MIT researchers have used a form of artificial intelligence called deep learning to identify a new classification of compounds that can effectively kill methicillin-resistant Staphylococcus aureus (MRSA), a drug-resistant bacterium accountable for over 10,000 deaths in the US each year. The researchers have demonstrated that these deep-learning-identified compounds not only have the ability to kill MRSA in laboratory conditions and animal models but also exhibit low toxicity against human cells, making them good candidates for medical drugs.
The novelty of this study, published in Nature, is that the scientists were also able to comprehend what kind of factors the deep-learning model used to predict antibiotic potency. Such understanding could aid researchers in designing more effective drugs. This innovative study is part of the Antibiotics-AI Project at MIT, a seven-year project aimed at identifying new classes of antibiotics against seven types of lethal bacteria.
Deep learning has previously aided the team in identifying potential drugs against hospital-dwelling bacterium Acinetobacter baumannii, along with other drug-resistant bacteria. The model identifies potential compounds among millions based on associated chemical structures that exhibit antimicrobial activity. However, these models work as “black boxes,” making it hard to recognize what features the predictions are based on, hence complicating the design or identification of additional antibiotics. The researchers sought to “open the black box” and shed light on the model’s inner workings.

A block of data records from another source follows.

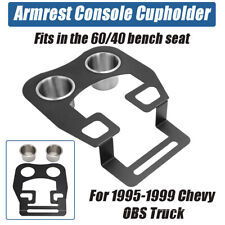 Armrest Console Cupholder For 1995 1996-1999 Chevy Obs Truck 6040 Bench Seat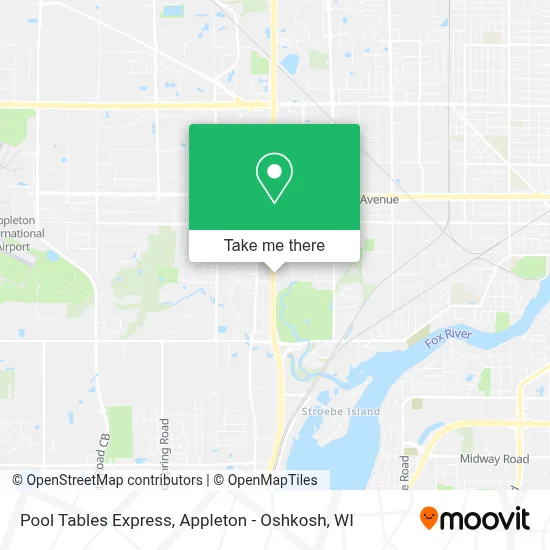 Pool Tables Express map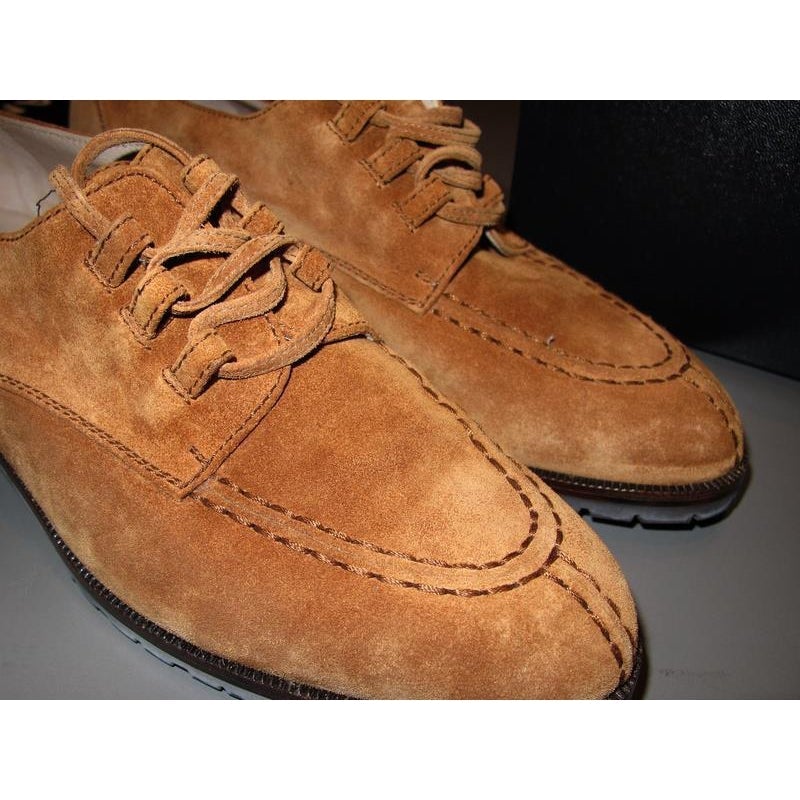 Chanel Suede Laced Hunting Women Shoes, NIB! - poupishop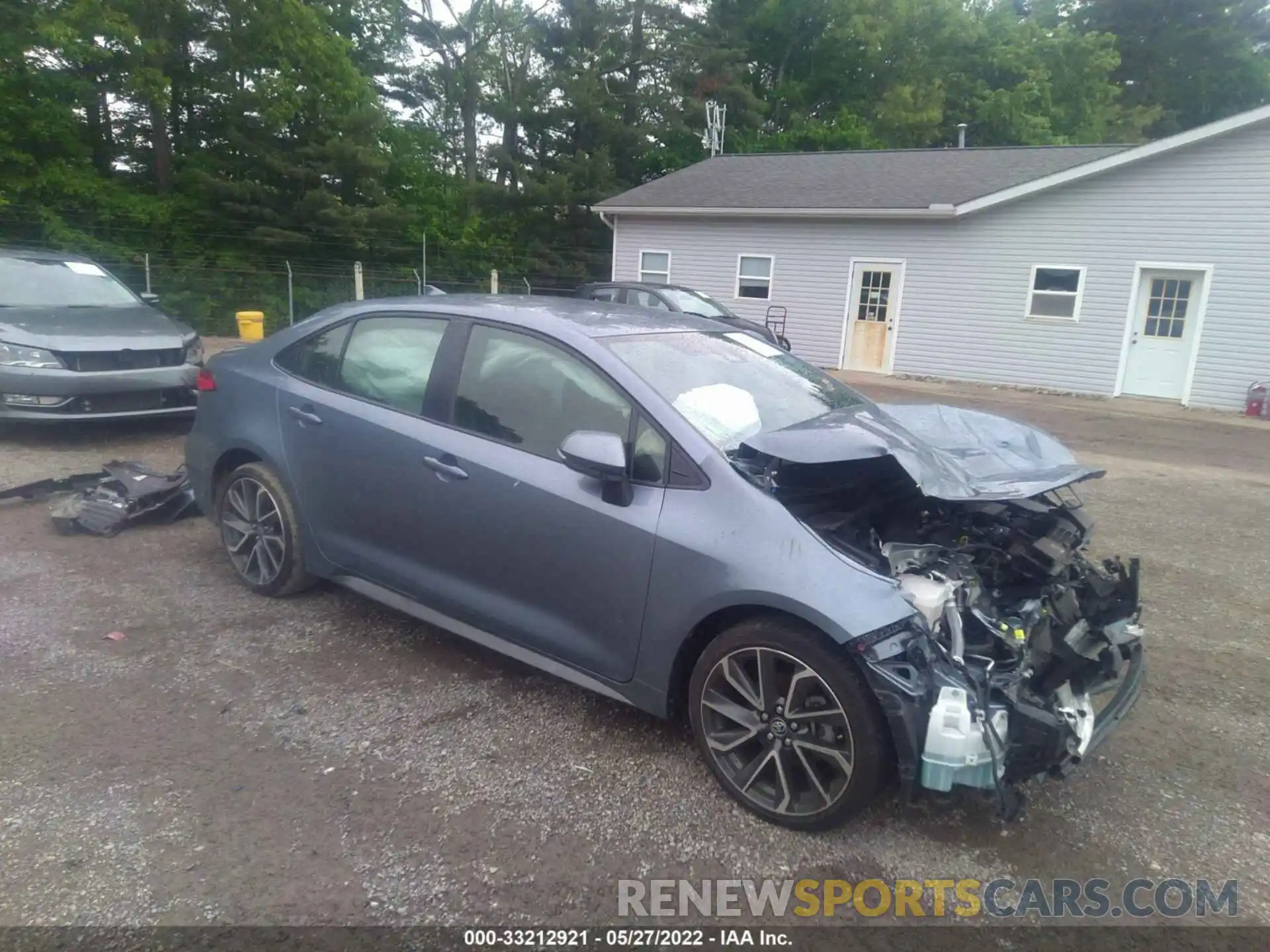 1 Photograph of a damaged car JTDS4RCEXLJ045437 TOYOTA COROLLA 2020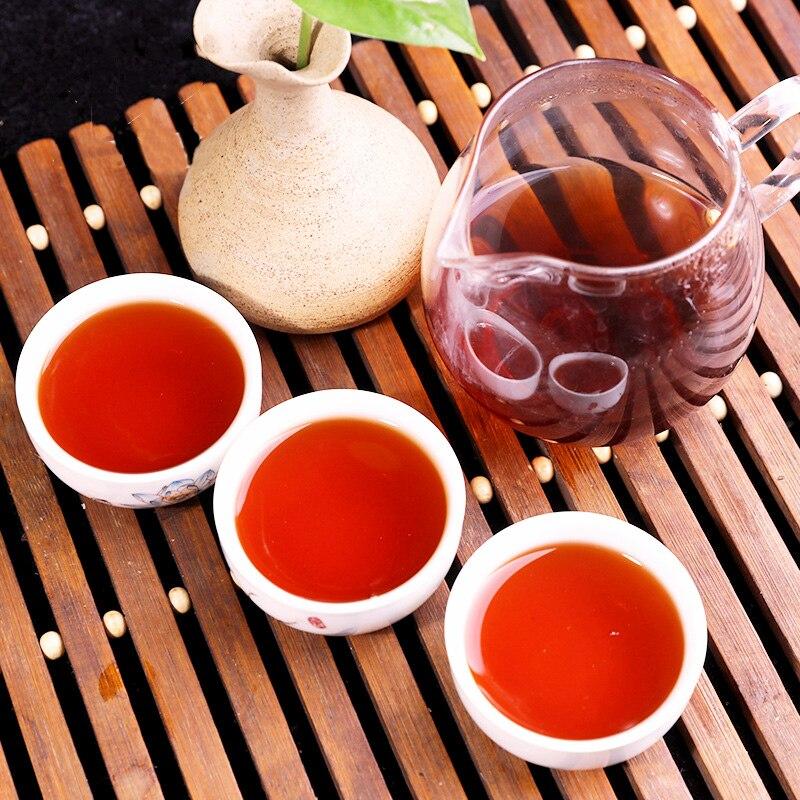 2018 Спелый чай пуэр Мэнхай Древнее дерево ручной работы Цизи Шу Пуэр Чайный торт 357г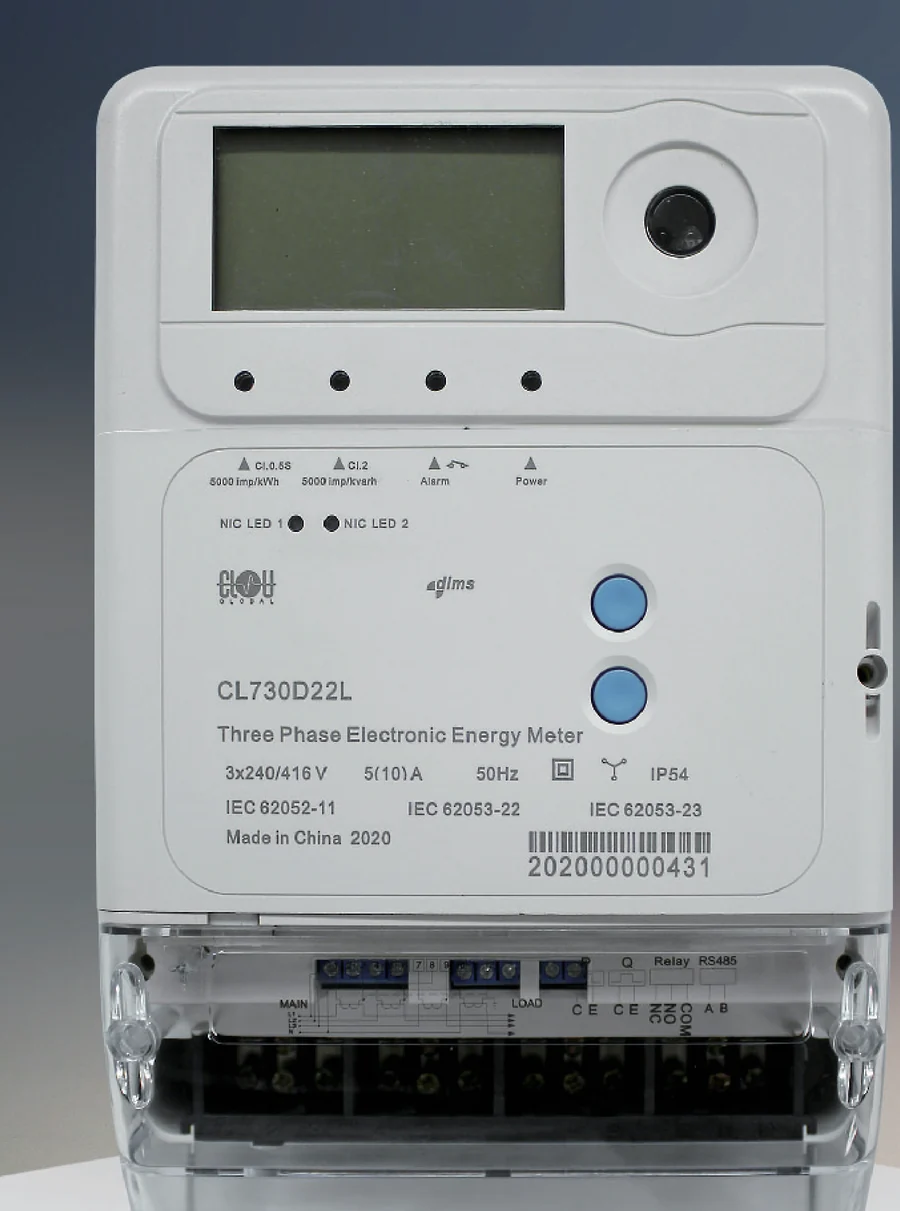 Compteur triphasé sur transformateur de courant CL730D22L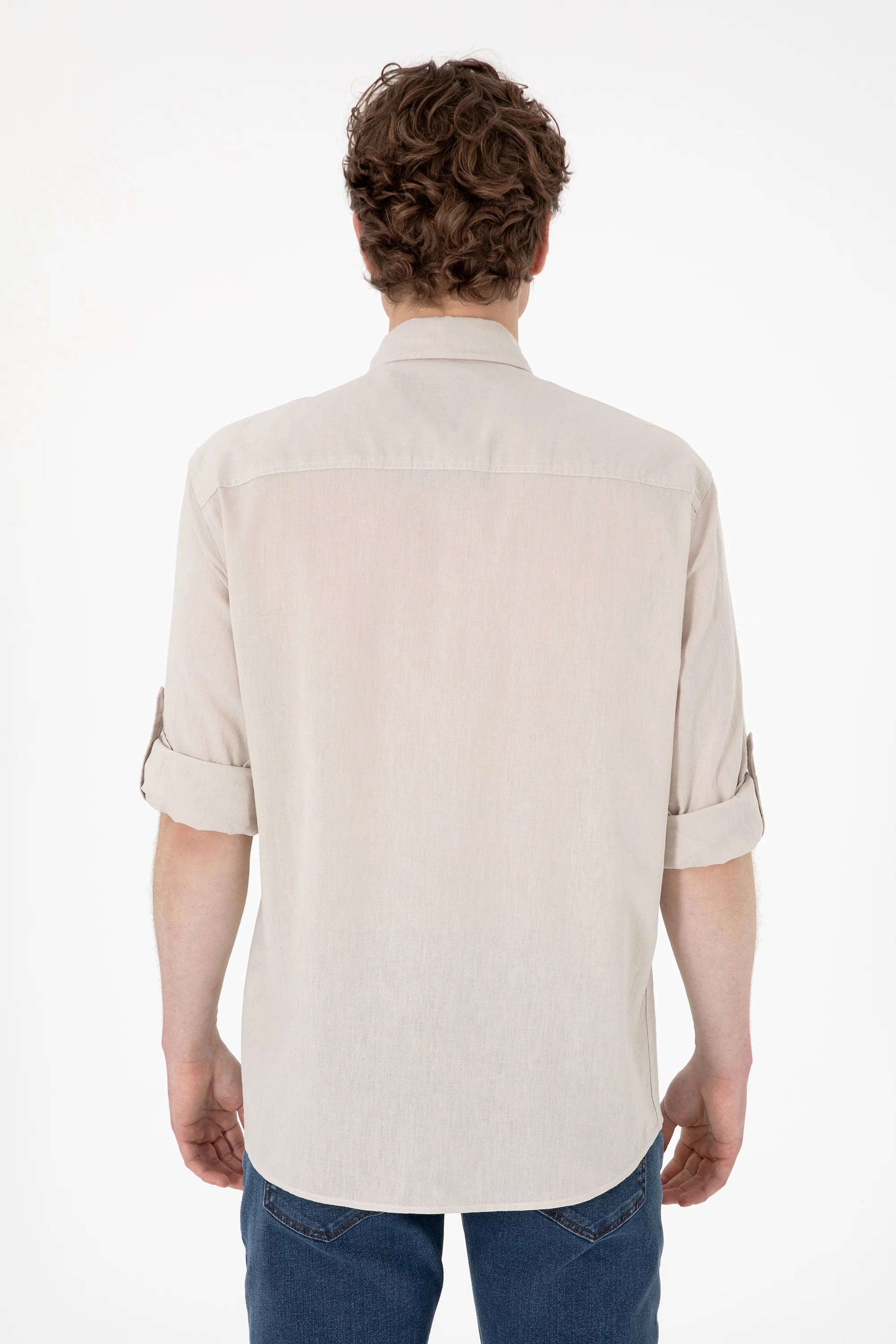 U.S. Polo Assn. Stone Men Stone Shirt Long Sleeve SKU: G081SZ0040 2082527_VR049 Image 05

Using an algorithm known as the Monte Carlo tree search, the researchers improved their understanding of how the model made its antibiotic predictions. They trained the model using data on 39,000 compounds and their antibiotic activity against MRSA, along with information on these compounds’ chemical alignments, then ran the model on any new molecule, predicting its antibacterial properties. The model offers a simultaneous prediction for which substructures of the molecule are likely accountable for its antimicrobial activity.
The researchers further refined their search by training additional models to predict toxicity levels against three different types of human cells and thus identified compounds that could eliminate microbes with minimal side effects on the human body. Approximately 280 of the 12 million commercially available compounds screened by the model were purchased and tested, of which five different classes demonstrated potential activity against MRSA. Two of these appeared to be particularly promising antibiotic contenders, reducing MRSA populations by a factor of ten in laboratory tests. Their mode of operation appears to disrupt bacteria’s ability to maintain an electrochemical gradient across their cell membranes, a mechanism crucial for many cellular functions.
The researchers have made their findings available to Phare Bio, a nonprofit part of the Antibiotics-AI Project, for further analysis of the compounds’ chemical properties and potential clinical uses. Meanwhile, they are using the successful model to seek compounds effective against other bacterial types and working on designing more drug compounds informed by these study’s outcomes.